━━━ Dataset excerpts ━━━

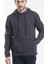 Kapşonlu Sweat 2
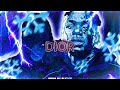 [FREE] Gazo x Beendo Z x Fresh LaDouille Drill Type Beat - "Dior" (Prod. By Puch
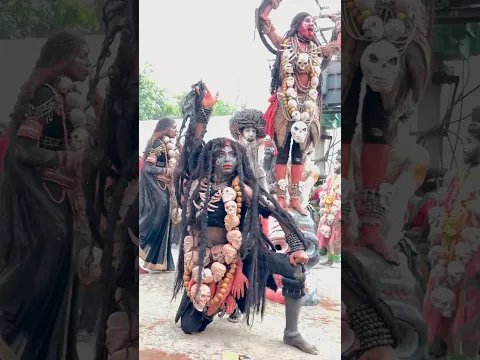 Maa kali new song angana padharo maa kali #maa #kali #kalimaa #maakali #new #song #kalimata
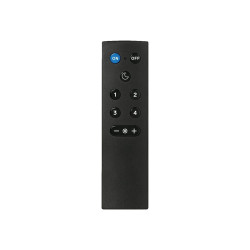 WiZ Colors - Bombilla LED - forma: A60 - E27 - 8 W (equivale | APLIUM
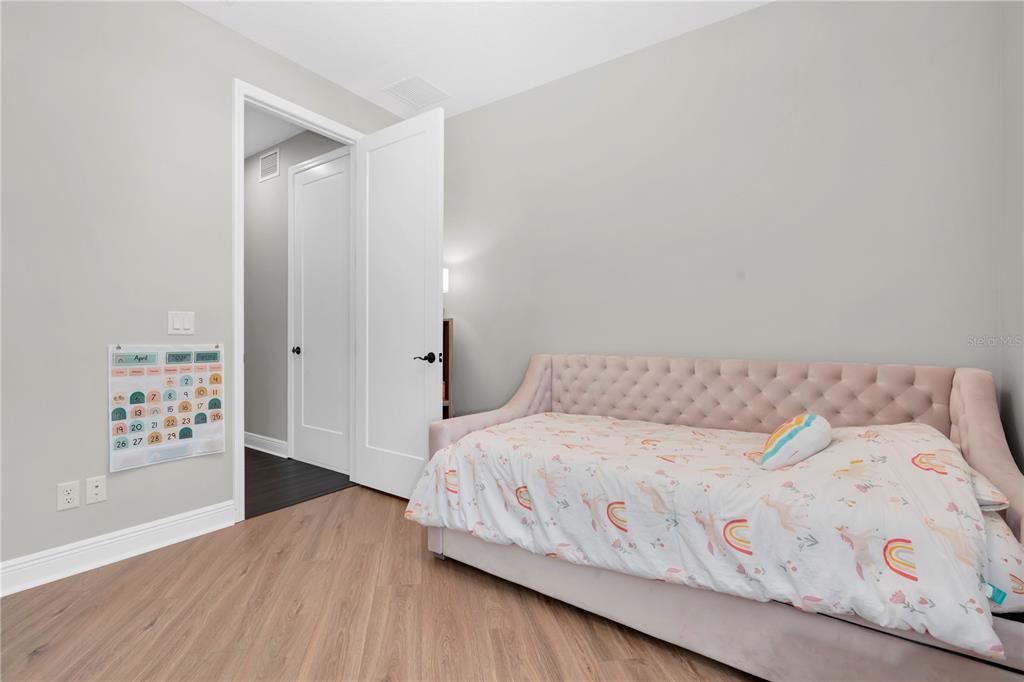 3940 Woods Rider Loop Odessa, FL 33556 - Photo 23 of 53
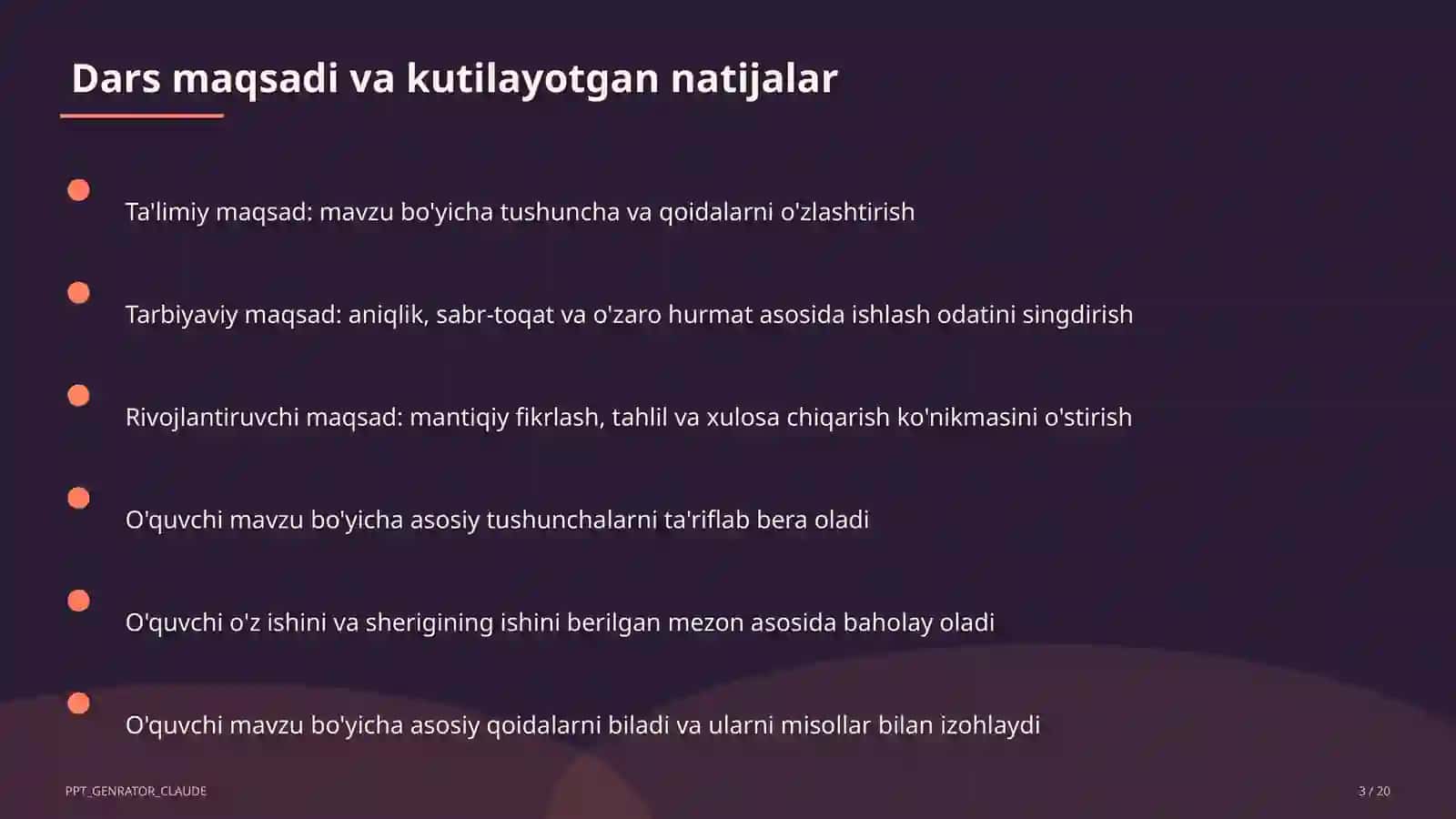 Temuriylar davri madaniyati: Samarqand va Hirot (8-sinf) 3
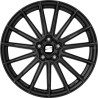 NOWE KOŁA ZIMA Seat Leon Barum 225/45R17*16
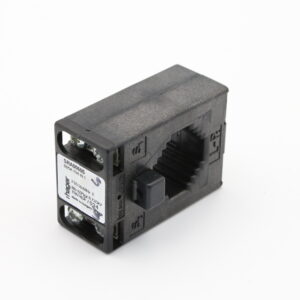 2111e949860c710559133620b8600778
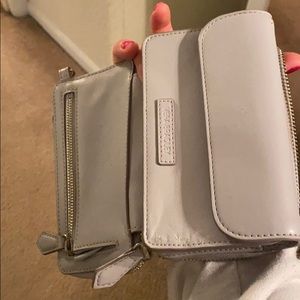 Vera Bradley small wristlet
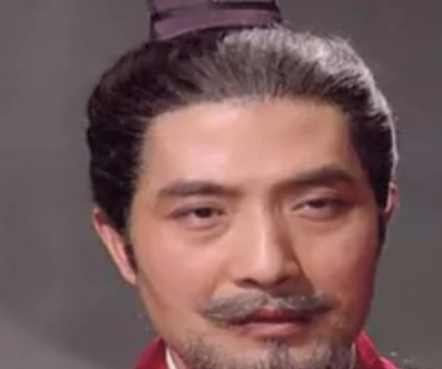 蜀汉被灭之后司马炎在做什么 司马炎为什么不早点消灭东吴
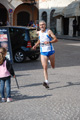 tagliacozzo09_5259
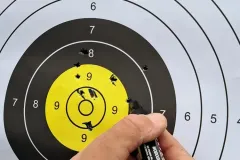 37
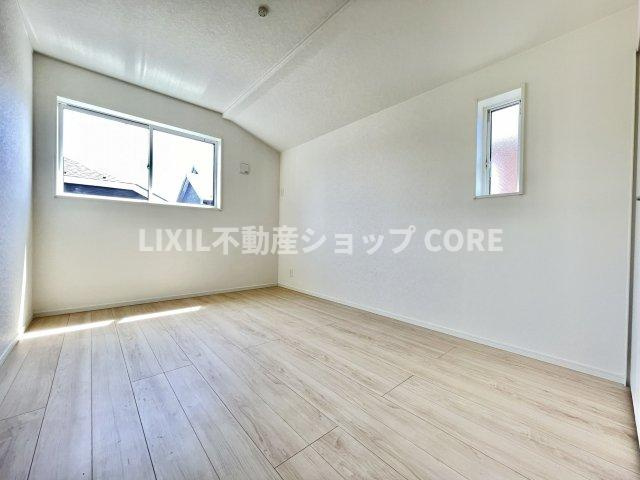 過ぎ行く時間をゆったりと感じることができる落ちついたプライベートルーム。　
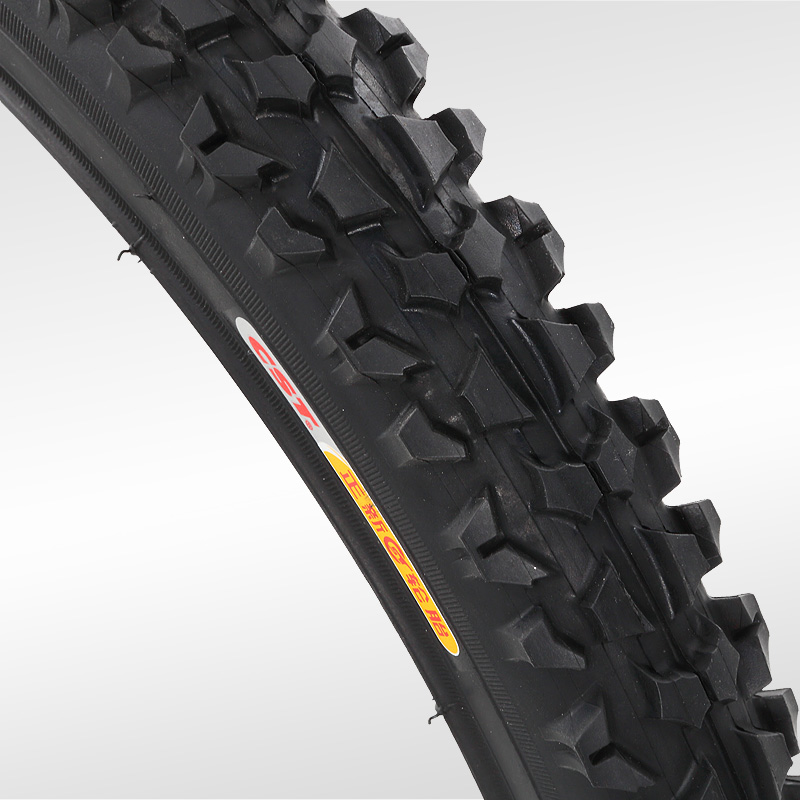 125" h-537 chao yang. колеса 12. автошина 14. Mitas zirra r 20" racing pro max. 00-20 ои-25 омскшина.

━━━

When you repeat the data, keep it exact and drop every picture.

 Kapşonlu Sweat 2
 [FREE] Gazo x Beendo Z x Fresh LaDouille Drill Type Beat - "Dior" (Prod. By Puch
 Maa kali new song angana padharo maa kali #maa #kali #kalimaa #maakali #new #song #kalimata
 WiZ Colors - Bombilla LED - forma: A60 - E27 - 8 W (equivale | APLIUM
 3940 Woods Rider Loop Odessa, FL 33556 - Photo 23 of 53
 Temuriylar davri madaniyati: Samarqand va Hirot (8-sinf) 3
 NOWE KOŁA ZIMA Seat Leon Barum 225/45R17*16
 2111e949860c710559133620b8600778
 Vera Bradley small wristlet
 蜀汉被灭之后司马炎在做什么 司马炎为什么不早点消灭东吴
 tagliacozzo09_5259
 37
 過ぎ行く時間をゆったりと感じることができる落ちついたプライベートルーム。　
 125" h-537 chao yang. колеса 12. автошина 14. Mitas zirra r 20" racing pro max. 00-20 ои-25 омскшина.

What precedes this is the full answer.